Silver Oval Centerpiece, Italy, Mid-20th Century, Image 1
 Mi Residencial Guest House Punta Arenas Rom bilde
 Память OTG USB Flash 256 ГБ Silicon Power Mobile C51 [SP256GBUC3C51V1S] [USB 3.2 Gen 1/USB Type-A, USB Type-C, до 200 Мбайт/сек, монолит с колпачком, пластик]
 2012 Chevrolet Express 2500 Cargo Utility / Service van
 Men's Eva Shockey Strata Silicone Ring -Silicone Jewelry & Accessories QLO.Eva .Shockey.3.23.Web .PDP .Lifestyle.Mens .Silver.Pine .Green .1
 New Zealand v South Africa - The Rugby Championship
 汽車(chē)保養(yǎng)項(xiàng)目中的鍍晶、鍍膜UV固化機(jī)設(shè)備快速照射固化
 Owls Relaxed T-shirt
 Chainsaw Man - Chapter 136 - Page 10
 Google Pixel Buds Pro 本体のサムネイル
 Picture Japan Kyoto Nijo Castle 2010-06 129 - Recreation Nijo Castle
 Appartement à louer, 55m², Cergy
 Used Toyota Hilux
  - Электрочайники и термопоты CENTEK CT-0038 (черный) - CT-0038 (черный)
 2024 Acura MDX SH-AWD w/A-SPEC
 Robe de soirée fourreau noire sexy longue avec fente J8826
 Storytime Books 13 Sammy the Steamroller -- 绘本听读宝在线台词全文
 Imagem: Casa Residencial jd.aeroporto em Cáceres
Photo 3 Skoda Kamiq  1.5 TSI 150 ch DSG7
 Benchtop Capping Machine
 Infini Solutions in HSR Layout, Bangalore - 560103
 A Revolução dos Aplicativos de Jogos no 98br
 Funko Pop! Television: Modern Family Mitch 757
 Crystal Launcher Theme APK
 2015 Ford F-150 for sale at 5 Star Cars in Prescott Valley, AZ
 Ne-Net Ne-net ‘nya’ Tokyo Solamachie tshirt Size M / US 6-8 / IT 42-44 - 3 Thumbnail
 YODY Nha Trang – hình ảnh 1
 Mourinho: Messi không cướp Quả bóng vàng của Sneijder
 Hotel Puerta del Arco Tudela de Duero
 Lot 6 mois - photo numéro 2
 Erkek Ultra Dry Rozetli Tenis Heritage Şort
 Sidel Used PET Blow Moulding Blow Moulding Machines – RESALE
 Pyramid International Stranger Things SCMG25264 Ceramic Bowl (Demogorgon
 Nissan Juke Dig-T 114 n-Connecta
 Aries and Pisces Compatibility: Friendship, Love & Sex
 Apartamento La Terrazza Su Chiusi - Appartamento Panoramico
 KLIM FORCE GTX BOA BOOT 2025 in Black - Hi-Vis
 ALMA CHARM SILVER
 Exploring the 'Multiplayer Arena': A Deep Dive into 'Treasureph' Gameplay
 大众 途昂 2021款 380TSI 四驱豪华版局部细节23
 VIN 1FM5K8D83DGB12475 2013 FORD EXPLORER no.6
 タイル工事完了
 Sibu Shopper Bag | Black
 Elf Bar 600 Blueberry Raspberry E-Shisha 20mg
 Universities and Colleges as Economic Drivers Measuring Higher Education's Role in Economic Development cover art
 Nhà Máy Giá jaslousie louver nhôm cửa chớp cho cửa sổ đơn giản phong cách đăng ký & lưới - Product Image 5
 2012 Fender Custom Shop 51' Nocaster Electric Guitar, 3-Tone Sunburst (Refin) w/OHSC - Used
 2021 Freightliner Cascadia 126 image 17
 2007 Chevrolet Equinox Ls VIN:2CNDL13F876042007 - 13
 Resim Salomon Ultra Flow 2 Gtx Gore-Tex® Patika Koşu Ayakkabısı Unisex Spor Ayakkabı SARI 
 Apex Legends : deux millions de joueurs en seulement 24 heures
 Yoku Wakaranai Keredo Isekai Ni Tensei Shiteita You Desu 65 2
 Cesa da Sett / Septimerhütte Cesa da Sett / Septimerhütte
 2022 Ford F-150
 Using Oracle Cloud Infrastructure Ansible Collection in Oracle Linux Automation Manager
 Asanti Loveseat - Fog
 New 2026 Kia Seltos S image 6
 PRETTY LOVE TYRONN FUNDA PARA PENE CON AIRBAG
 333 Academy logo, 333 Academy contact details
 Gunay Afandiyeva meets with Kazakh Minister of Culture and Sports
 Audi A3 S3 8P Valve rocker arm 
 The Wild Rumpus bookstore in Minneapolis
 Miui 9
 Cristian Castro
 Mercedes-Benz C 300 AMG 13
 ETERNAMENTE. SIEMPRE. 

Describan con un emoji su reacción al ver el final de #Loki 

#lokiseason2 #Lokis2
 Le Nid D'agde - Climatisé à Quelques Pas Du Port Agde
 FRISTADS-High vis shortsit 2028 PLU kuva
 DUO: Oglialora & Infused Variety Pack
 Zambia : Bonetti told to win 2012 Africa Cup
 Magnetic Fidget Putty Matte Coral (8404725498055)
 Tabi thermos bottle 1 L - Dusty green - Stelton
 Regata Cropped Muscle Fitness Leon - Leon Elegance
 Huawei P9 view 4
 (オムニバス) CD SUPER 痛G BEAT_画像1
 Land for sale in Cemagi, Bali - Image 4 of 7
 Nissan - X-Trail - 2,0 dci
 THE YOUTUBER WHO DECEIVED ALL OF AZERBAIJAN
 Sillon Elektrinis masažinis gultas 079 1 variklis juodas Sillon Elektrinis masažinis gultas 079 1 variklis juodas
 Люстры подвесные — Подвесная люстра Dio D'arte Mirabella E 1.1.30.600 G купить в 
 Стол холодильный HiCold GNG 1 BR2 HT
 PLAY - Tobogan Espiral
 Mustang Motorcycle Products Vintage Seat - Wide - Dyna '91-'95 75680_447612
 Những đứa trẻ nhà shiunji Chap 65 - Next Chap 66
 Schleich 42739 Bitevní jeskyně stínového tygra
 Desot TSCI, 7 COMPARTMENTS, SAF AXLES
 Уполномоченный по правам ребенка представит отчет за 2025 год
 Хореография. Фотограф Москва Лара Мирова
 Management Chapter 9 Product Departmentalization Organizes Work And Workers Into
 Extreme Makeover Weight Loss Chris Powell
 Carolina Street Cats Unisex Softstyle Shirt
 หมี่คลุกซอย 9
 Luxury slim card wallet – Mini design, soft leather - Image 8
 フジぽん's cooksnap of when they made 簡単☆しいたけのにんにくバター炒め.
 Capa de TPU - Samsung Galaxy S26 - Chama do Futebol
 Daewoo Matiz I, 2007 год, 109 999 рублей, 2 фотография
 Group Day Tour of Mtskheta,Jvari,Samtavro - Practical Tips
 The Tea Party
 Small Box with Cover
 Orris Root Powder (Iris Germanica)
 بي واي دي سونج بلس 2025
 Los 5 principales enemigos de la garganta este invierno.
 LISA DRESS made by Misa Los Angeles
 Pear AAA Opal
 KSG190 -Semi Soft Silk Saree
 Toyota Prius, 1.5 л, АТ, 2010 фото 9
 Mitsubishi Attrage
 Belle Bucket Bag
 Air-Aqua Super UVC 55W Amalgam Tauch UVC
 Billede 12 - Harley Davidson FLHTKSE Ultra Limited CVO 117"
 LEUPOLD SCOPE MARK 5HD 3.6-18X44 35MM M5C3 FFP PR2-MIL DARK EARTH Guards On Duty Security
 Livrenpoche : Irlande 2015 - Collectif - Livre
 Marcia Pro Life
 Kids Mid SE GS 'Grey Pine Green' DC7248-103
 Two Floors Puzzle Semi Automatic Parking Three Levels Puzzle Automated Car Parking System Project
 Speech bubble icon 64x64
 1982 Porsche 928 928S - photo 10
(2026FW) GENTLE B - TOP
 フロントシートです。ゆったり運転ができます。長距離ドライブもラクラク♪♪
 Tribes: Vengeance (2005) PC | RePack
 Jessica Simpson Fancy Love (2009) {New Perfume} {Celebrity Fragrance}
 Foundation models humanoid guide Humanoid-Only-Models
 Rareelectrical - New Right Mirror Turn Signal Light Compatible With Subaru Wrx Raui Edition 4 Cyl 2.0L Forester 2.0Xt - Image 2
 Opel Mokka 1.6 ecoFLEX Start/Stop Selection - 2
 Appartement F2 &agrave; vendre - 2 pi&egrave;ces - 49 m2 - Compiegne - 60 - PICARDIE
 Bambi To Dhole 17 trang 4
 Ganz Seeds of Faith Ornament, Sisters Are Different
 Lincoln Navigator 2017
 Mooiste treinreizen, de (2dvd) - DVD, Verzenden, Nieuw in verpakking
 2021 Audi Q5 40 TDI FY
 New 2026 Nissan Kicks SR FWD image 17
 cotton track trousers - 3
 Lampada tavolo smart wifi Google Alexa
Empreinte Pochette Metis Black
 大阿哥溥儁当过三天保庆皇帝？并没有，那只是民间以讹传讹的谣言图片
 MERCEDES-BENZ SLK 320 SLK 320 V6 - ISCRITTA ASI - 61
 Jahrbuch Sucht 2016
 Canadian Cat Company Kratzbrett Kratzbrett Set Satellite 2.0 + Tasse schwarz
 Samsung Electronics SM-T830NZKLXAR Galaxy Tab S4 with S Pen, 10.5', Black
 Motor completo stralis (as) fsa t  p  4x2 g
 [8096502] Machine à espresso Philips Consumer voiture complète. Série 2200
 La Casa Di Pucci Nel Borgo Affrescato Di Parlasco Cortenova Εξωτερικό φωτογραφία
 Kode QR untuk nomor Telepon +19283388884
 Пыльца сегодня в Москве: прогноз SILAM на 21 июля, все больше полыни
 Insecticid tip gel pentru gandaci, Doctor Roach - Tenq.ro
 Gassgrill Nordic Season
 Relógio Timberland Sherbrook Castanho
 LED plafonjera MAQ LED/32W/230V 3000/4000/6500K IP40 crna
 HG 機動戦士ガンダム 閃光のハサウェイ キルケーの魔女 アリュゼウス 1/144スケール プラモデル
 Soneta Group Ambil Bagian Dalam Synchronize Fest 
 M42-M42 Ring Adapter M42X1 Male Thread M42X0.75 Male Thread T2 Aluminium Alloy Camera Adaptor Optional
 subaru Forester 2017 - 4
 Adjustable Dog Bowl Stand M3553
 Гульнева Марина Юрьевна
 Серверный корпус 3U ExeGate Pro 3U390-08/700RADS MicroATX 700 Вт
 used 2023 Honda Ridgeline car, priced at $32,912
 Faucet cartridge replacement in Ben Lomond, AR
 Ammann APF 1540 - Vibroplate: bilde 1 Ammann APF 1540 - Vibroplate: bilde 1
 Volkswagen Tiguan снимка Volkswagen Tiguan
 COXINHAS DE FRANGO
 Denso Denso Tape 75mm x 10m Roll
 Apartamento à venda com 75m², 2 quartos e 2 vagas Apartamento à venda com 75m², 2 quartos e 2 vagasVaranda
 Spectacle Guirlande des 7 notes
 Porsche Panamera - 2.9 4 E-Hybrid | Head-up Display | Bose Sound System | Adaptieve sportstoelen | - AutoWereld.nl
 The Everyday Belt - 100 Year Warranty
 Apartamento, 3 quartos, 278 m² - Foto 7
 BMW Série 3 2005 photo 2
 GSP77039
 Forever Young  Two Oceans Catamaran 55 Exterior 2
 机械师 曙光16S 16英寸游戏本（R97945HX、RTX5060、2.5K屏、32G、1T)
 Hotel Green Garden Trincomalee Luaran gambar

_ _ _

• **ASSIGNED TASK**
Find "Kode QR untuk nomor Telepon +19283388884" in the entries above and copy that whole line exactly, then each line after it through the line that contains "Adjustable Dog Bowl Stand M3553".

• **ANSWER AREA**
 Kode QR untuk nomor Telepon +19283388884
 Пыльца сегодня в Москве: прогноз SILAM на 21 июля, все больше полыни
 Insecticid tip gel pentru gandaci, Doctor Roach - Tenq.ro
 Gassgrill Nordic Season
 Relógio Timberland Sherbrook Castanho
 LED plafonjera MAQ LED/32W/230V 3000/4000/6500K IP40 crna
 HG 機動戦士ガンダム 閃光のハサウェイ キルケーの魔女 アリュゼウス 1/144スケール プラモデル
 Soneta Group Ambil Bagian Dalam Synchronize Fest 
 M42-M42 Ring Adapter M42X1 Male Thread M42X0.75 Male Thread T2 Aluminium Alloy Camera Adaptor Optional
 subaru Forester 2017 - 4
 Adjustable Dog Bowl Stand M3553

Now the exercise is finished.